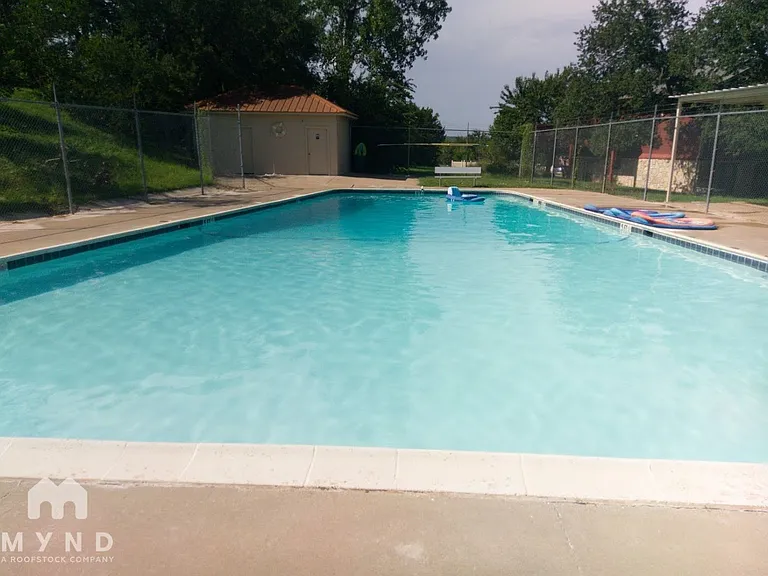 5612 San Jacinto Dr — Photo 18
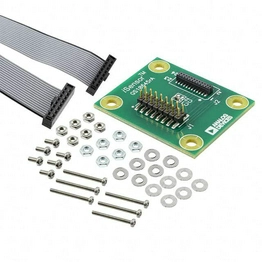 ADIS16IMU2/PCBZ Analog Devices
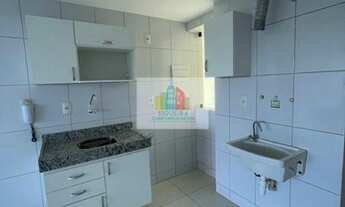 Imagem 7: Siqueira Aluga: Apartamento de 2 quartos no EDF. Barra Classic na Beira Mar de Barra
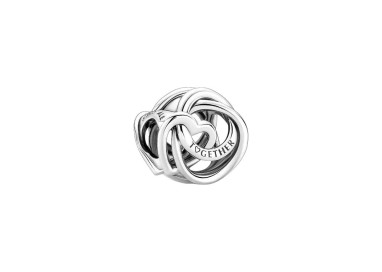 CHARM CIRCULO FAMILIAR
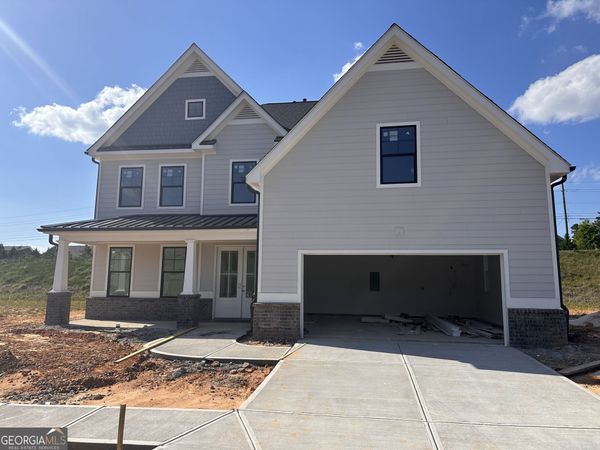795 Lapis Trail, Kennesaw, GA 30152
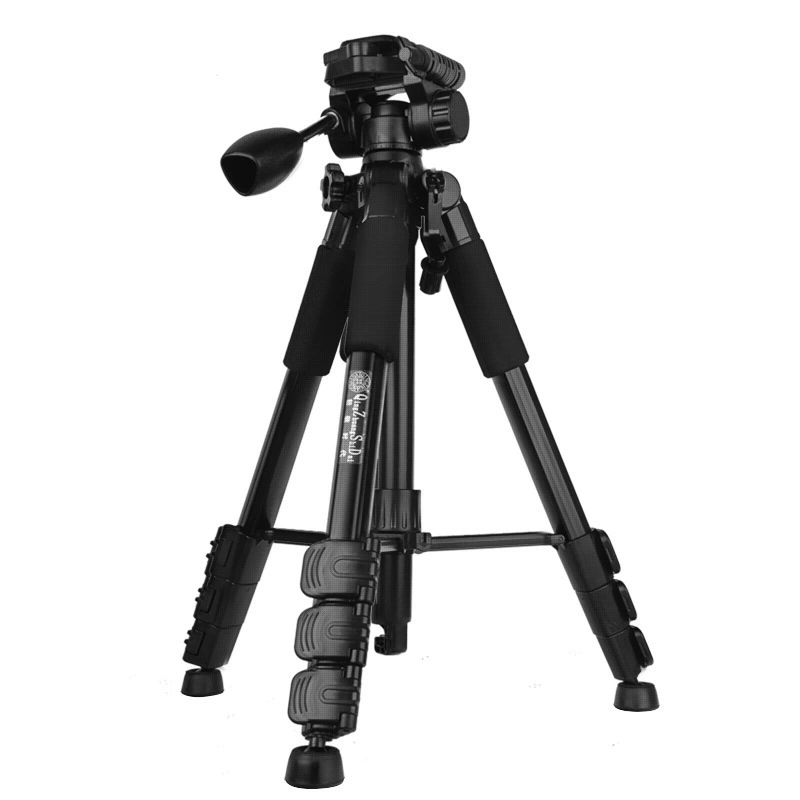 轻装时代 Tripod, tubing, equipment, CCTV camera, corner frame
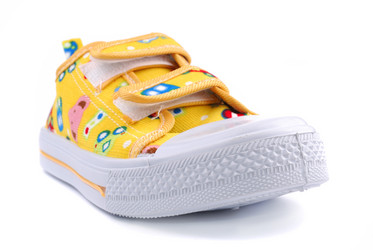 Similar image 187793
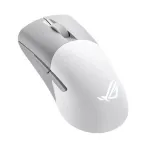 Asus ROG KERIS Mouse
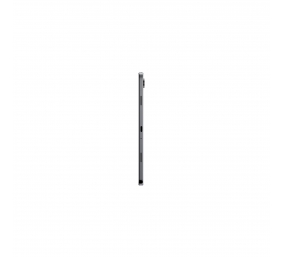 SAMSUNG SM-x236 Tab A11+ 5G 10.5in 6GB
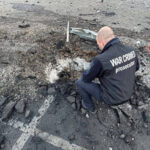 posledstvija-massirovannoj-ataki-dronov-rf-po-odesse-postradali-podrostki-silno-razrushena-infrastruktura-0d9da54.jpg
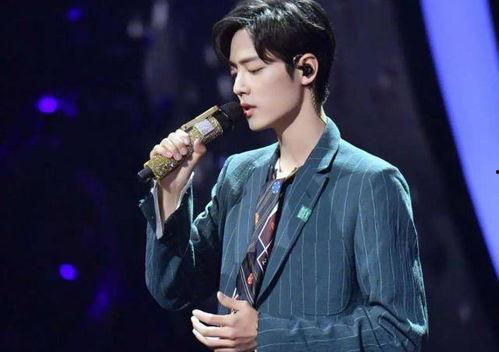 今日吃瓜51肖战,今日吃瓜热点，揭秘娱乐圈风云人物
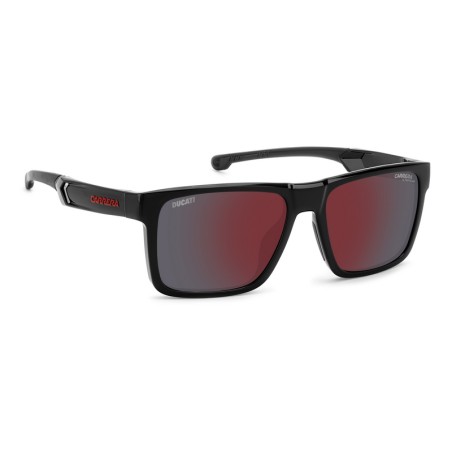 Carrera Ducati CARDUC 021/S 807(H4) Carrera Ducati CARDUC 021/S 807(H4)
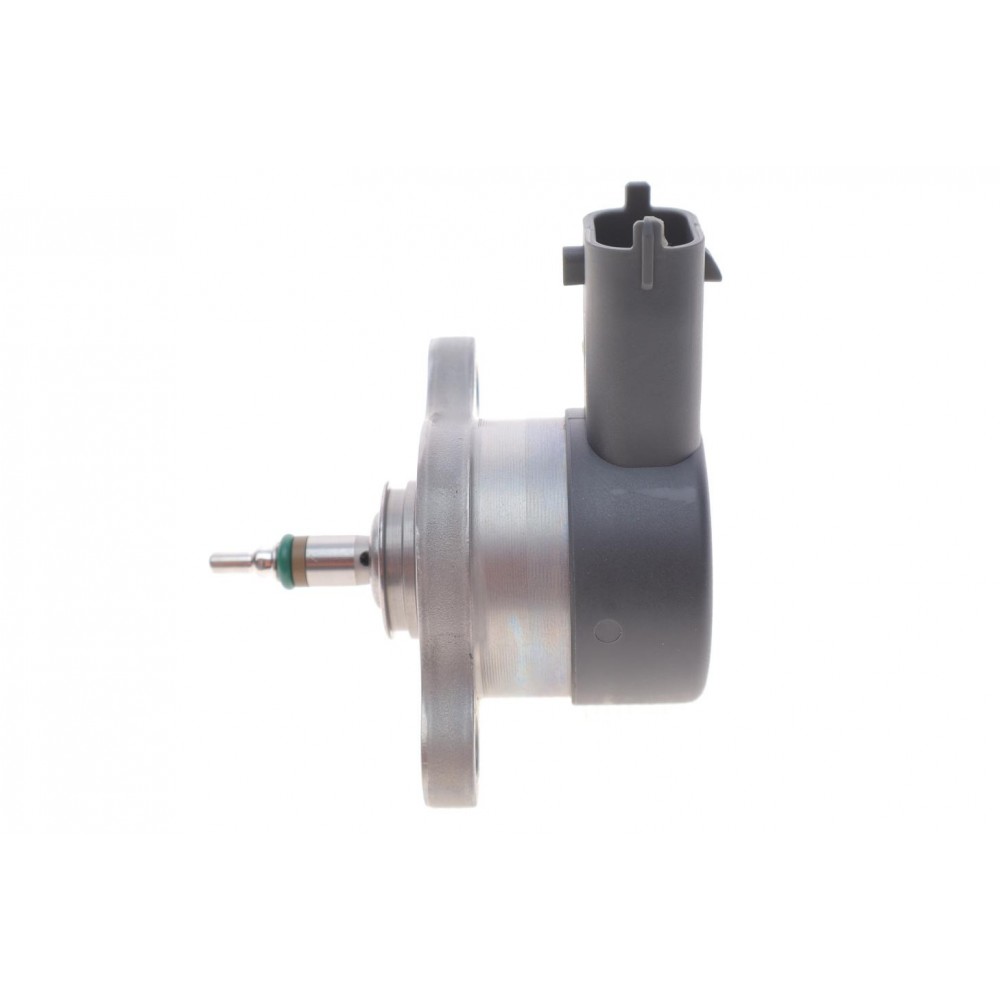 0 281 002 584 BOSCH Редукційний клапан, Common-Rail-System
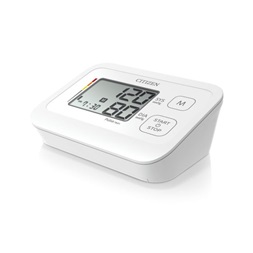 Citizen GYCH304 felkaros vérnyomásmérő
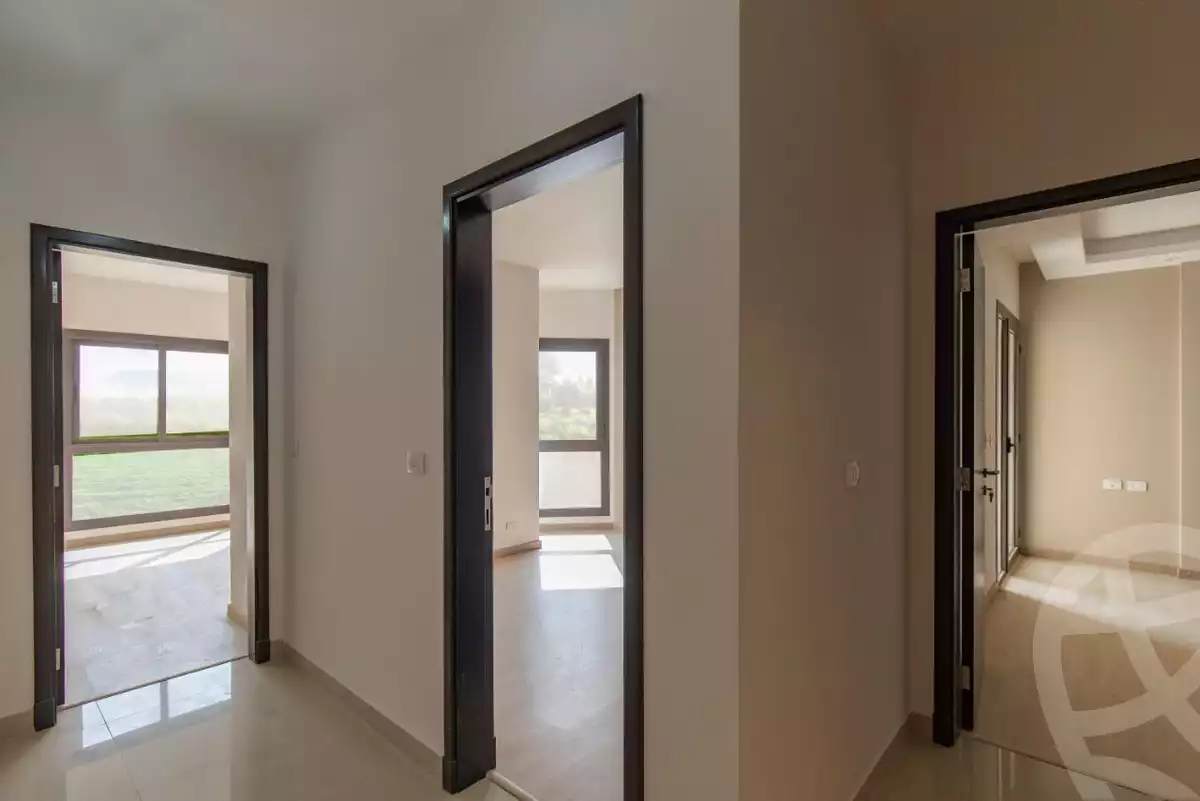 https://aqarmap.com.eg/en/listing/6766264-for-rent-cairo-new-cairo-compounds-the-address-east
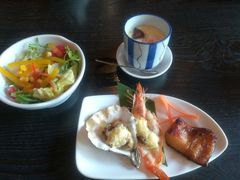 -银座日本料理(春徳街店)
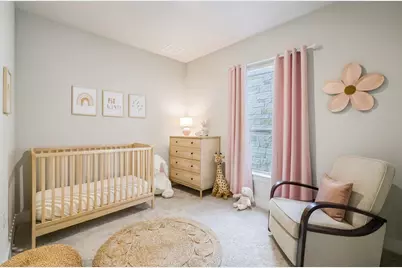 1141 Lucca Drive, Dripping Springs, TX 78620 - Photo 9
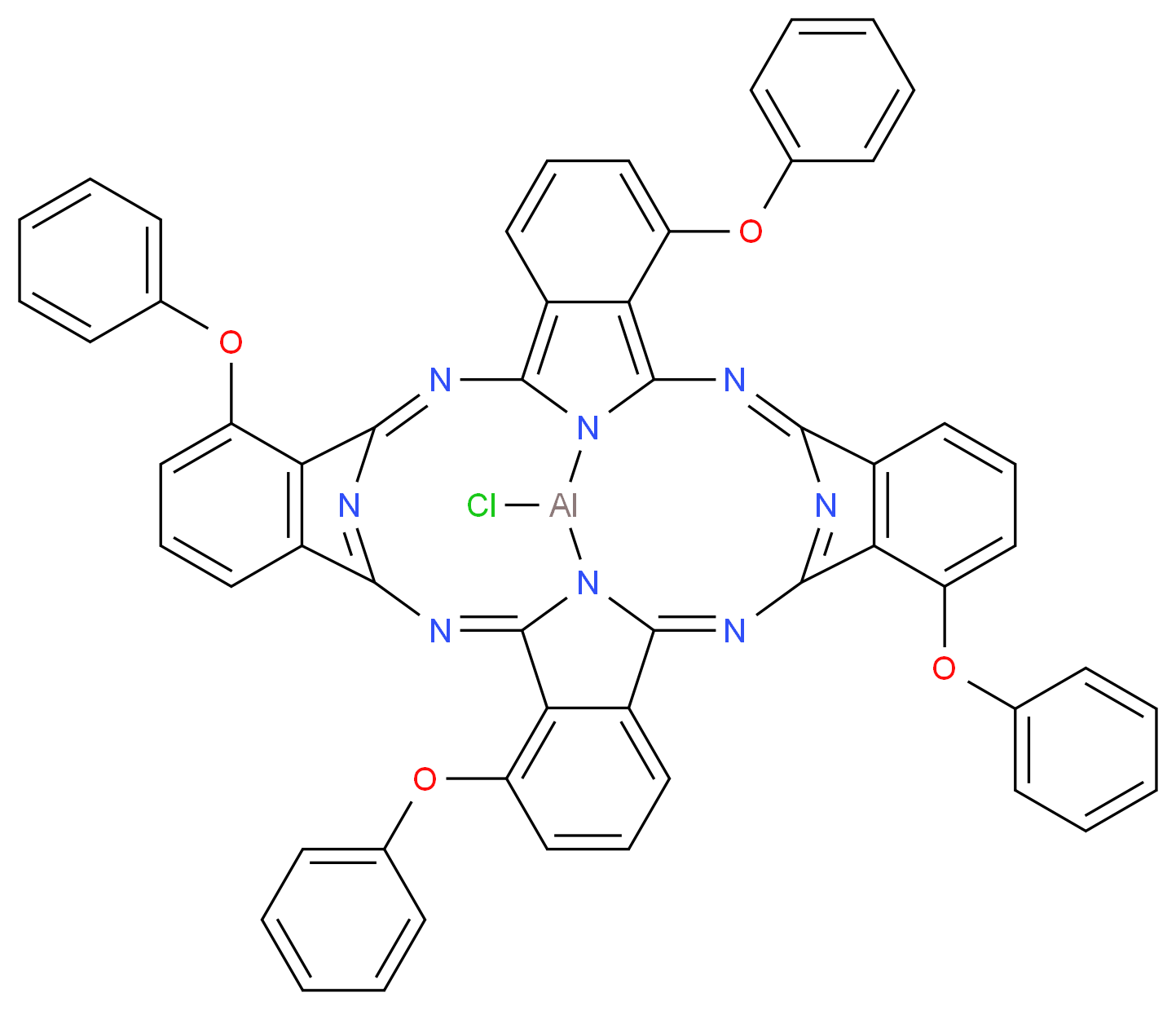 155613-94-8 分子结构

> _Task item_:
Could you print the whole listing again, exactly, leaving the pictures out?

> _Answer below_:
 5612 San Jacinto Dr — Photo 18
 ADIS16IMU2/PCBZ Analog Devices
 Imagem 7: Siqueira Aluga: Apartamento de 2 quartos no EDF. Barra Classic na Beira Mar de Barra
 CHARM CIRCULO FAMILIAR
795 Lapis Trail, Kennesaw, GA 30152
 轻装时代 Tripod, tubing, equipment, CCTV camera, corner frame
 Similar image 187793
 Asus ROG KERIS Mouse
 SAMSUNG SM-x236 Tab A11+ 5G 10.5in 6GB
 posledstvija-massirovannoj-ataki-dronov-rf-po-odesse-postradali-podrostki-silno-razrushena-infrastruktura-0d9da54.jpg
 今日吃瓜51肖战,今日吃瓜热点，揭秘娱乐圈风云人物
 Carrera Ducati CARDUC 021/S 807(H4) Carrera Ducati CARDUC 021/S 807(H4)
 0 281 002 584 BOSCH Редукційний клапан, Common-Rail-System
 Citizen GYCH304 felkaros vérnyomásmérő
 https://aqarmap.com.eg/en/listing/6766264-for-rent-cairo-new-cairo-compounds-the-address-east
 -银座日本料理(春徳街店)
 1141 Lucca Drive, Dripping Springs, TX 78620 - Photo 9
 155613-94-8 分子结构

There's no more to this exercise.